Tuesday, 11 Feb 2020
With half of the 65 million people with disabilities in developing countries out of school and those in school unlikely to be accessing equitable, quality education, the need for a more inclusive approach to education is clear. Over the last decade, there has been a growing international commitment towards inclusive education, with the adoption of the Convention of the Rights of Persons with Disabilities (CRPD, 2006) and the more recent 2030 Agenda for Sustainable Development, which has inclusive and equitable quality education as one of its goal.
The benefits are clear. Creating inclusive schools reinforces the important human rights value of dignity, equality, personal autonomy and choice. Yet, inclusive education is not only about meeting human rights obligations. It is also about celebrating diversity, promoting a more sustainable path to development and helping bring an end to poverty, thereby leading to more inclusive societies.
Inclusive education can benefit all children. When teaching adapts to the variety of ways in which children in the classroom learn, then all children are successful learners.
Inclusive education as an approach is still not widely understood. Disability-inclusive education systems can better meet both the general and specific learning needs of all children, including those with disabilities. It recognises that inclusive education is a complex process and aims to help governmental and non-governmental actors to navigate the most suitable pathways to change.
CBM supports and advocates for inclusive education as the most appropriate option for learners with a disability. This approach requires specialist support, is often linked with inclusive education resource facilities, and requires development of local skills and capacity.” Inclusive education is complex; it involves much more than simply placing children with disabilities into mainstream classes. It requires a diverse range of stakeholders – from learners, their families, teachers, and communities, to governments, and international donors – to be committed to facilitating and supporting interrelated changes to attitudes, policies, practices, resources, funding, and environments. It also recognises a commitment to supporting learners with disabilities to have choice in their learning environment.

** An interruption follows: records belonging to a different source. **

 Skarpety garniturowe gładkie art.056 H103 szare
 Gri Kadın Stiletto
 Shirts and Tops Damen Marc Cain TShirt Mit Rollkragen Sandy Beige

Each actor in this process of change has their role to play, their area of expertise to contribute, and particular barriers to inclusion and participation for which they can champion solutions. Some will focus on policy and law, others on stakeholder engagement, teacher education, or accessible environments. Some actors will take on multiple roles, but no single actor in inclusive education will ever successfully play every role alone.
“Alone we can do so little, together we can do so much.” Helen Keller
The key to the kind of long-term, persistent education system reform that is needed lies in finding ways to bring every actor’s role together in a collaborative effort – like putting the pieces of a jigsaw puzzle together. Even when stakeholders are working effectively together, the process of change may be slow. It is never going to be just one quick step from non-inclusive to inclusive education.